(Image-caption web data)
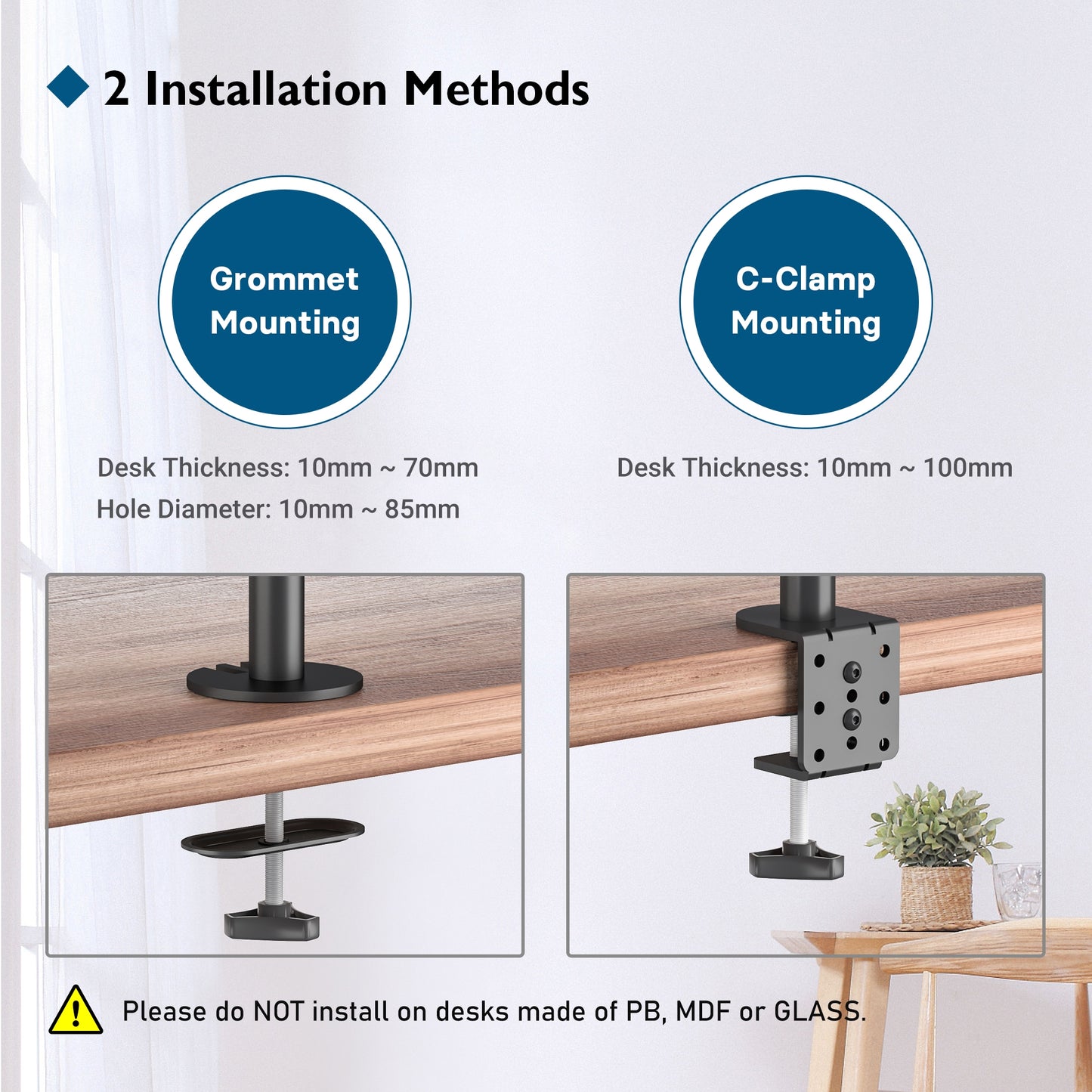 BONTEC Dual Monitor Arm Desk Mount for 13–27 Inch Computer Screens, VESA 75x75/100x100, Full Motion Adjustable Monitor Arm with 360° Rotation, Height Adjustable up to 430mm, Max 10kg per Arm
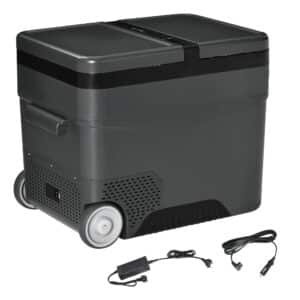 Nevera de Coche 45L 12V/24V hasta -22℃ con Compartimento Congelador Pantalla LED Táctil Ruedas 63,2x42x50,8cm Negro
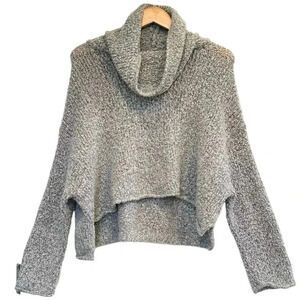 Free People Cowlneck Sweater Grey Stretchy Cropped Very Oversized XS Fits Medium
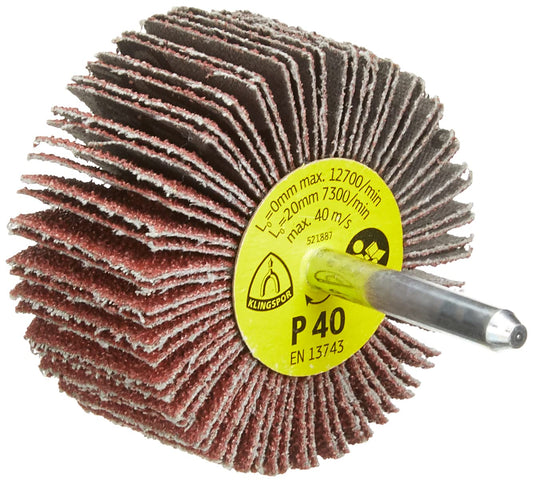 Klingspor 13050 - Rueda de láminas con vástago KM 613, grano 40, 60 x 30 x 6 mm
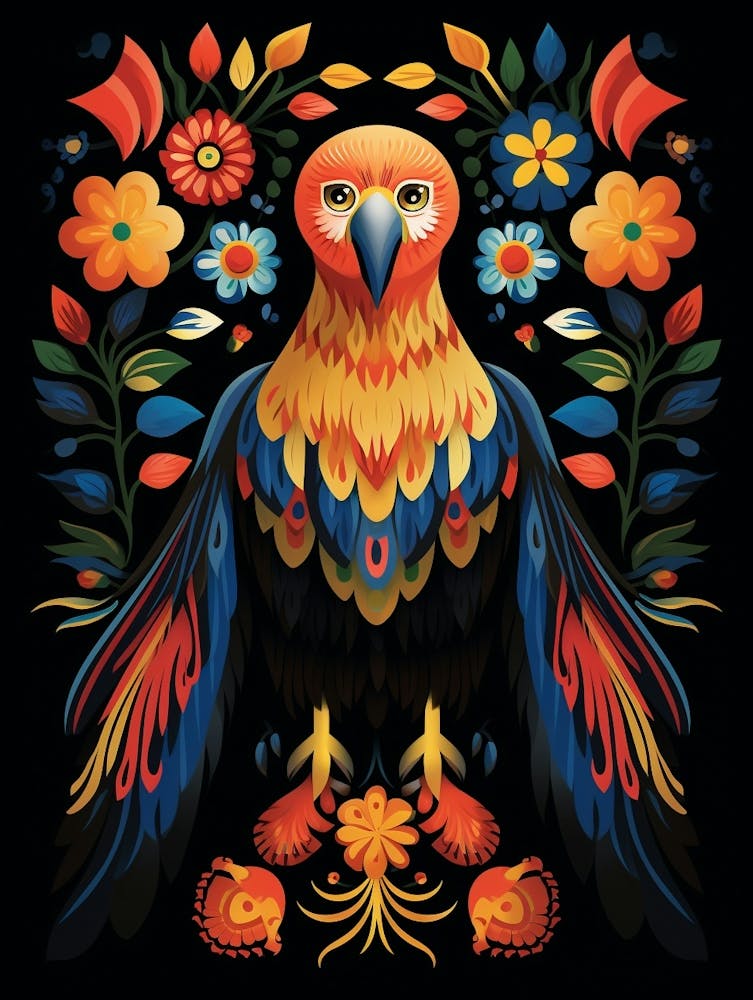 Folk Bird Illustration Golden Eagle 1
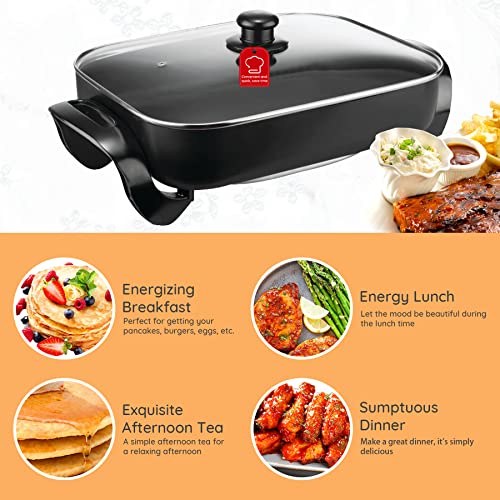  Black Electric Skillet With Tempered Glass Lid, 16 Inch, Non-Stick.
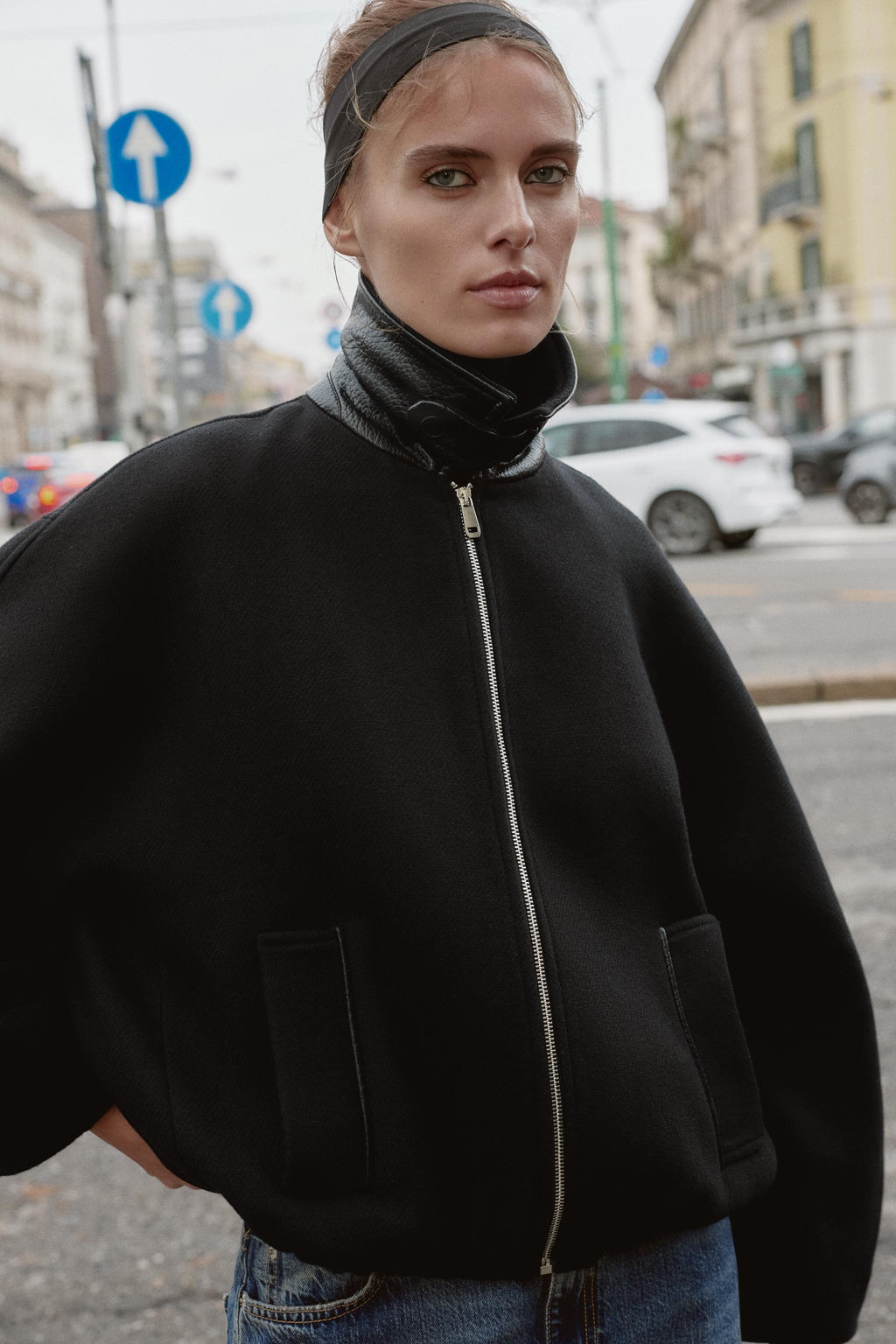 BALLOON BOMBER JACKET WITH CONTRAST WOOL COLLAR - Zara фото 5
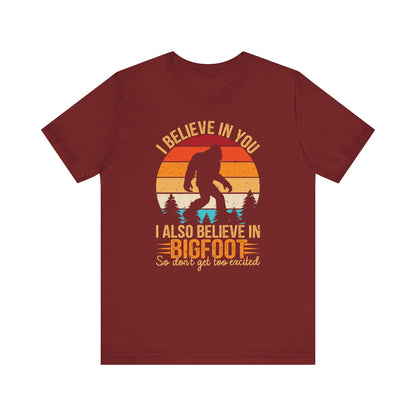 Bigfoot Believer Tee, Fun Graphic T-Shirt, Unisex Casual Wear, Nature Lover Gift, Adventure Shirt, Outdoor Humor Top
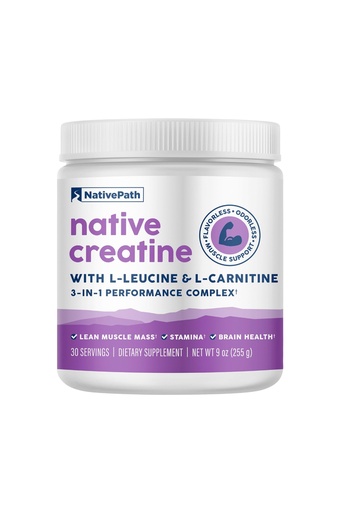 [BRSREZDQAEBWMF32] NativePath Creatine Monohydrate Powder with L-Leucine & L-Carnitine - Supports Muscle Health for Men & Women - 30 Servings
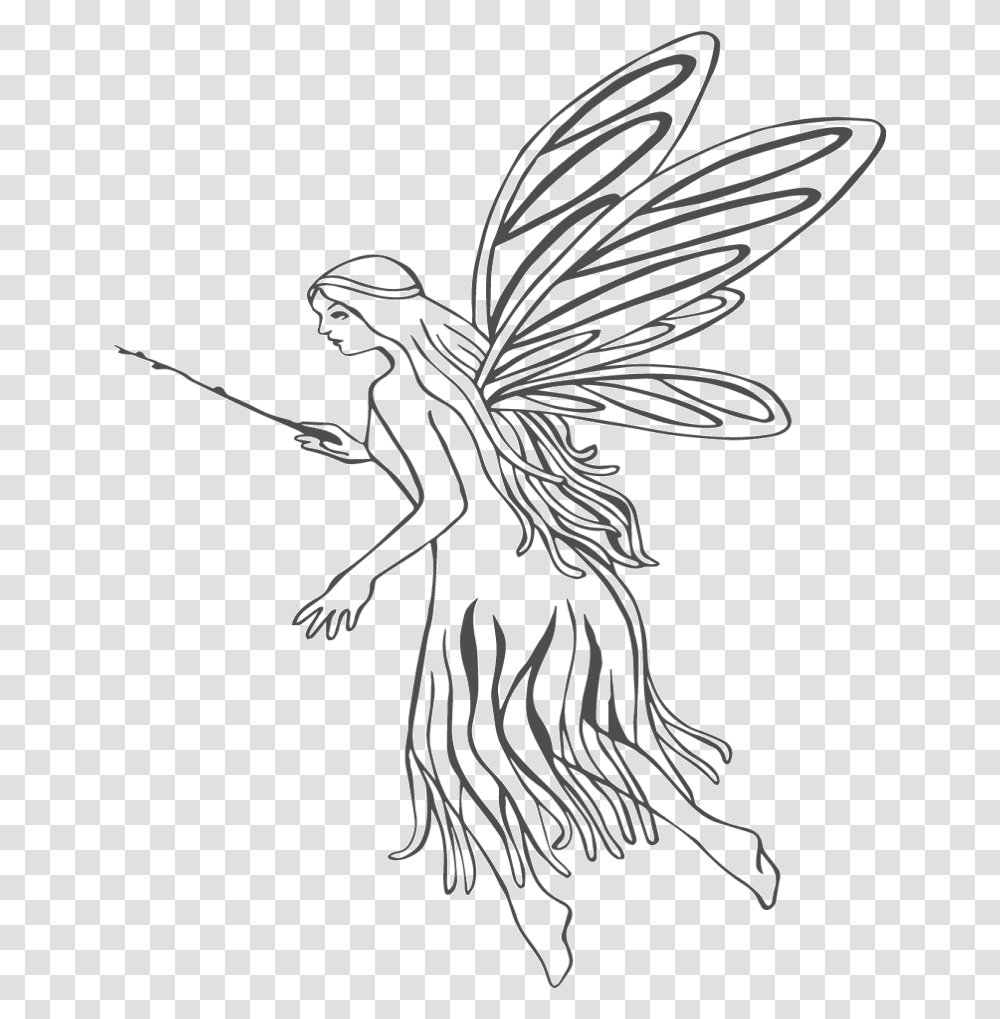 Wonderful Outline Fairy In Nice Dress Tattoo Design Fairy, Animal, Insect, Invertebrate, Bird Transparent Png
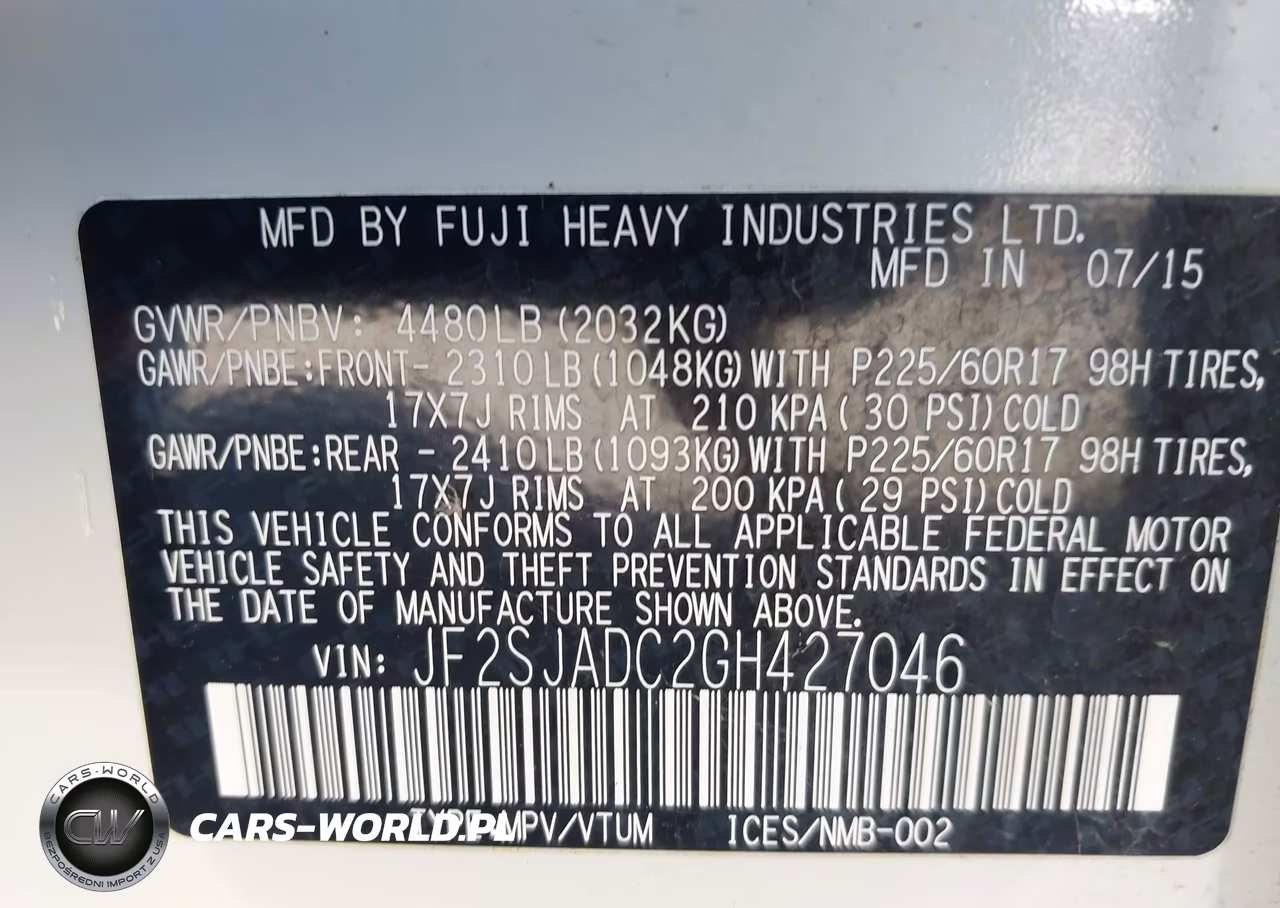 2016 Subaru Forester 2.5I Premium VIN:JF2SJADC2GH427046 - 9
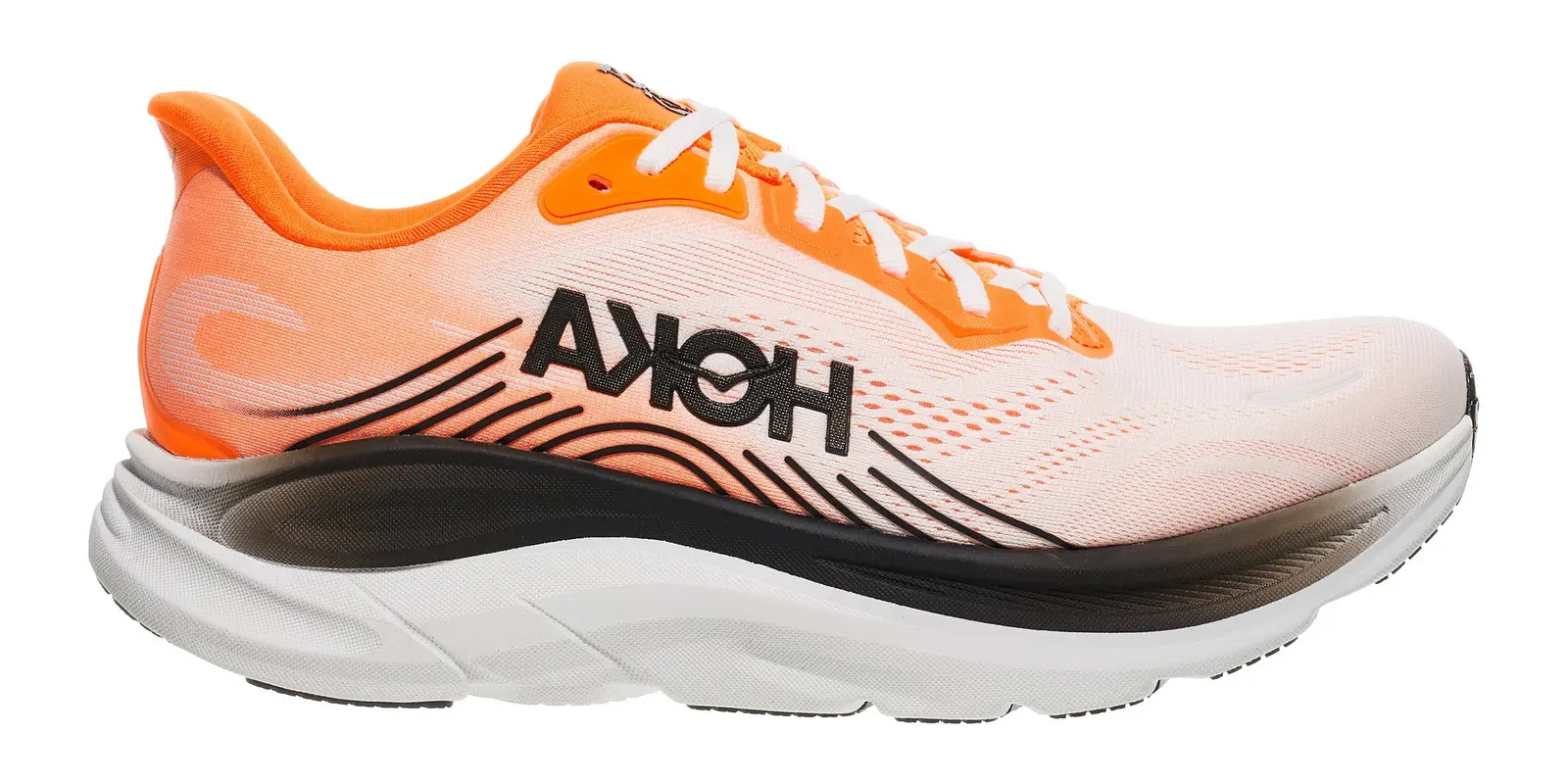HOKA Clifton 11 in Neon Tangerine / Frost
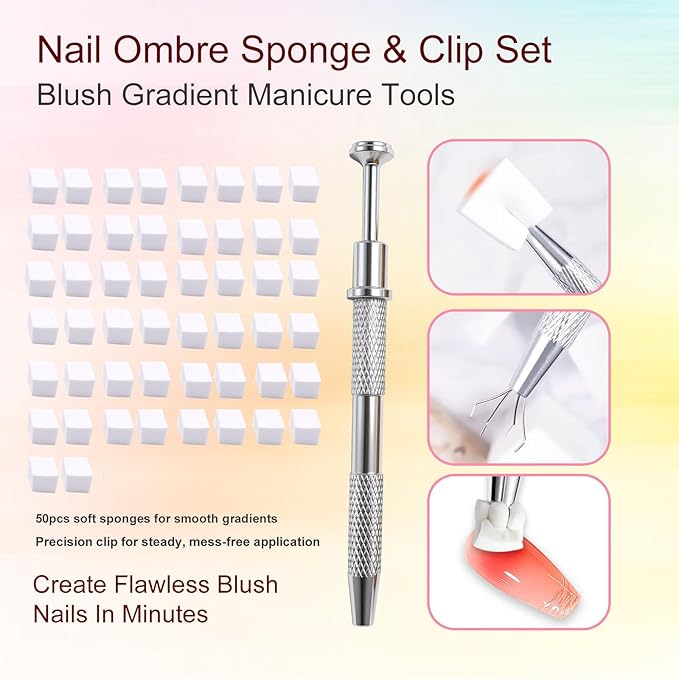 65Pcs Nail Art Tools Set, Professional 7Pcs Nail Art Brushes and 2Pcs Striping Liner Brush, 3Pcs Dual Tipped Dotting Pen, 4-types Cat Eye Magnet, 50Pc Nails Sponges for Ombre & Grabbing Pen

## [YOUR OBJECTIVE]
Restate word for word the lines from the one holding "[BRSREZDQAEBWMF32] NativePath Creatine" down through the last line of the records above, and do not include the pictures.

## [OUTPUT OF THE TASK]
 [BRSREZDQAEBWMF32] NativePath Creatine Monohydrate Powder with L-Leucine & L-Carnitine - Supports Muscle Health for Men & Women - 30 Servings
 Wonderful Outline Fairy In Nice Dress Tattoo Design Fairy, Animal, Insect, Invertebrate, Bird Transparent Png
 2016 Subaru Forester 2.5I Premium VIN:JF2SJADC2GH427046 - 9
HOKA Clifton 11 in Neon Tangerine / Frost
 65Pcs Nail Art Tools Set, Professional 7Pcs Nail Art Brushes and 2Pcs Striping Liner Brush, 3Pcs Dual Tipped Dotting Pen, 4-types Cat Eye Magnet, 50Pc Nails Sponges for Ombre & Grabbing Pen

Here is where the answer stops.